As I turned to my left just 10 feet from my path was a large pack of about twenty very tall Goulds wild turkeys squawking and hollering as they watched two males  in their pack fight.   It was astounding because it was so unexpected, and I held tight to my lunging mass of 90lbs of acutely aware dog and dragged him along the pathway out of the way.  A safe distance further along the path, I turned back to watch the chaos of the scene unfolding among these amazing birds. None had taken any notice of us.  These turkeys looked huge – and nothing to mess with when fighting over a female.  They are the equivalent size of my dog, if not larger, and I recently learned a lot about the wild turkey in an amazing documentary on PBS telling the story of John Hutto who lived amongst them in the backwoods for a year.   If you haven’t seen it – its should be on your list.
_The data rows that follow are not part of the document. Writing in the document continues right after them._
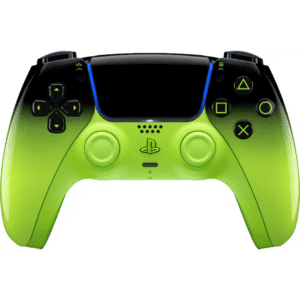Sony Playstation PS5 DS Wireless (ZCT2) Remix Green  - 1000048534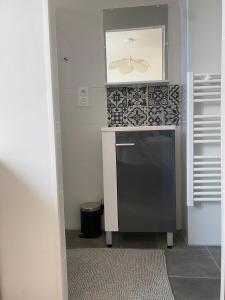 Appartements L-ecrin vert - Wifi - Netflix - Climatisation - Parking Gratuit : photos des chambres
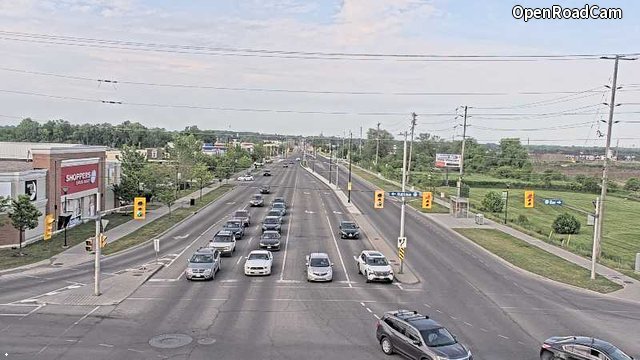 Hazeldean & Huntmar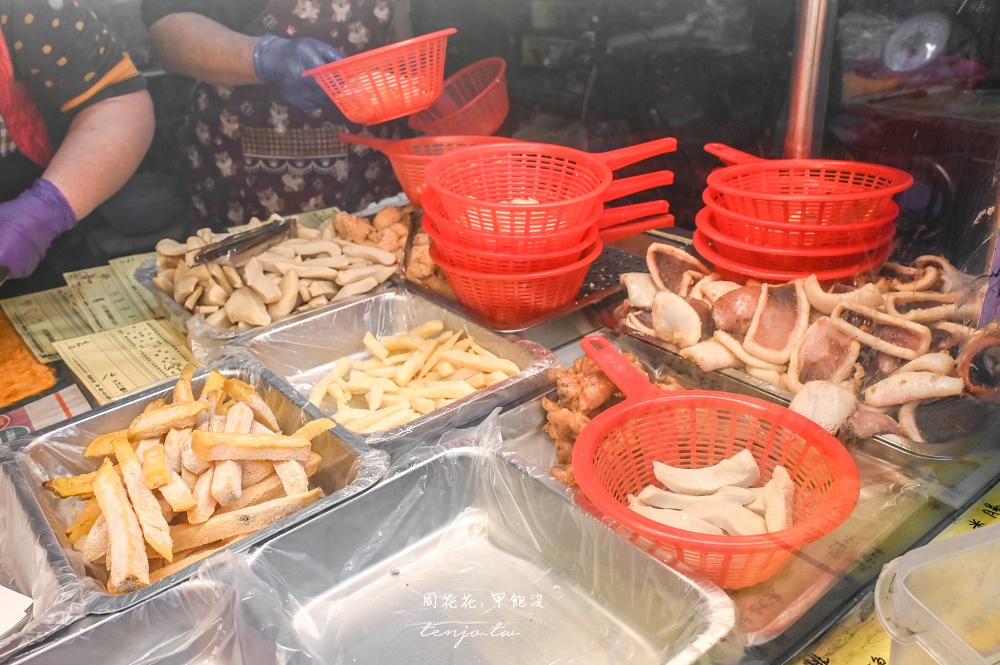 【萬華西門町雞排推薦】180度C蜜酥雞排 辣妹廚房封為全台北最好吃鹹酥雞！建議電話預訂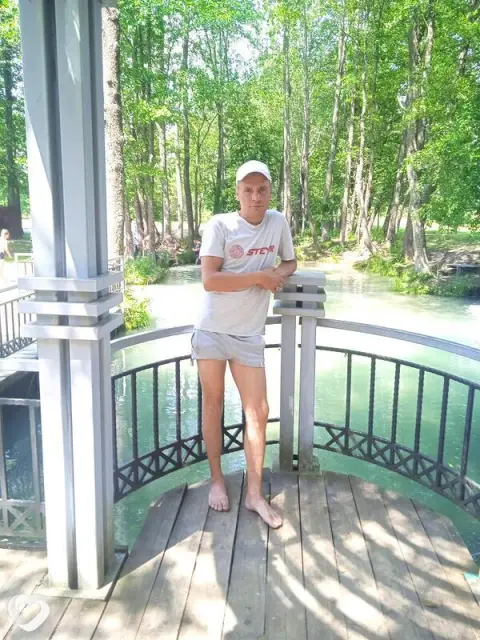 Васька, 37 — фото анкеты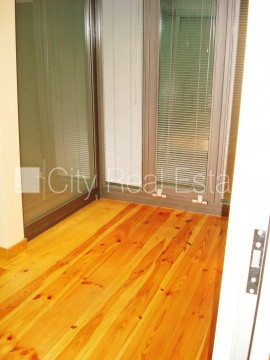 Фасадный дом, реновированный дом, плата за обслуживание одного квадратного метра Рига - изображение 14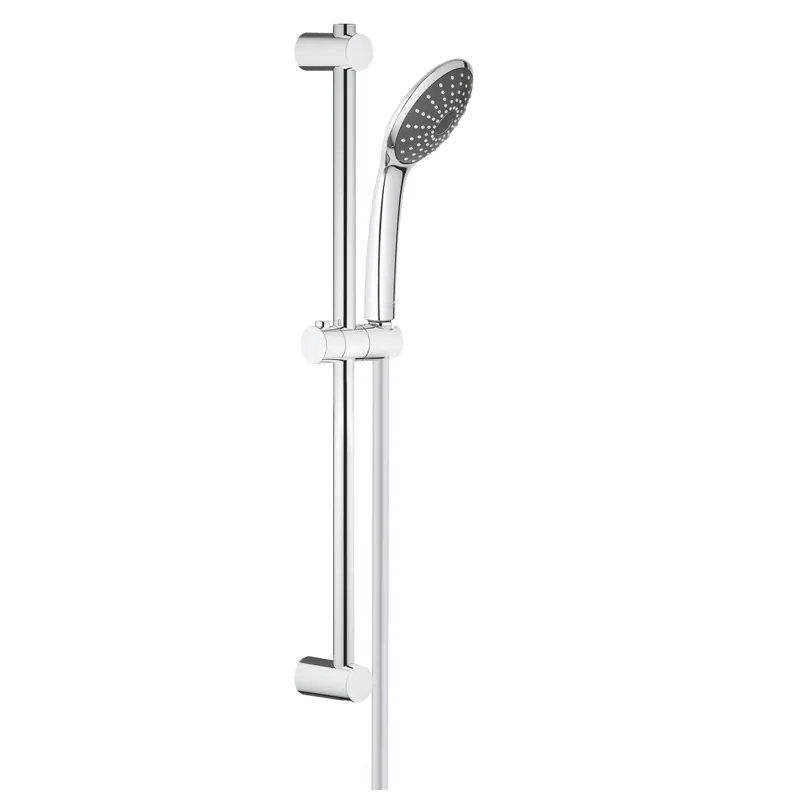 Grohe Vitalio Joy 110 Mono rudas zuhanygarnitúra, 1 féle vízsugaras kézizuhannyal, króm 27322000Grohe Szezonális akció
http://www.pbs.org/wnet/nature/episodes/my-life-as-a-turkey/qa-with-naturalist-joe-hutto/7389/

My PBS moment just paid handsomely – (and yes it was indeed a Big Bird).    It was an astounding vision in that dark cold canyon under the shadows of the oaks alone, and it reminded me of a fearlessness we must carry in our hearts along the paths of our lives.  That a  continual state of curious fearlessness is really a good tool.

I hurried to the car, anxious to tell my family what had happened, and to realize just what I had seen only a few feet away from me and to be reminded (once again) that the key in life is not in the outcome,  but in the living it every day fully.  In the knowing that you can work to shape the path you walk, that unknown things will come along to shift it, but you will stand stronger if you are curious and not fearful.   It was a clearl vision for a New Year’s Day and for my state of mind.

Happy New Year to you!  Plan a pathway, and if you encounter some squawking fighting big birds, or anything just a little or extremely dangerous,  just get out of the way and stand back.  Prepare to be amazed.  The pathway continues ahead.  Now back to my lists.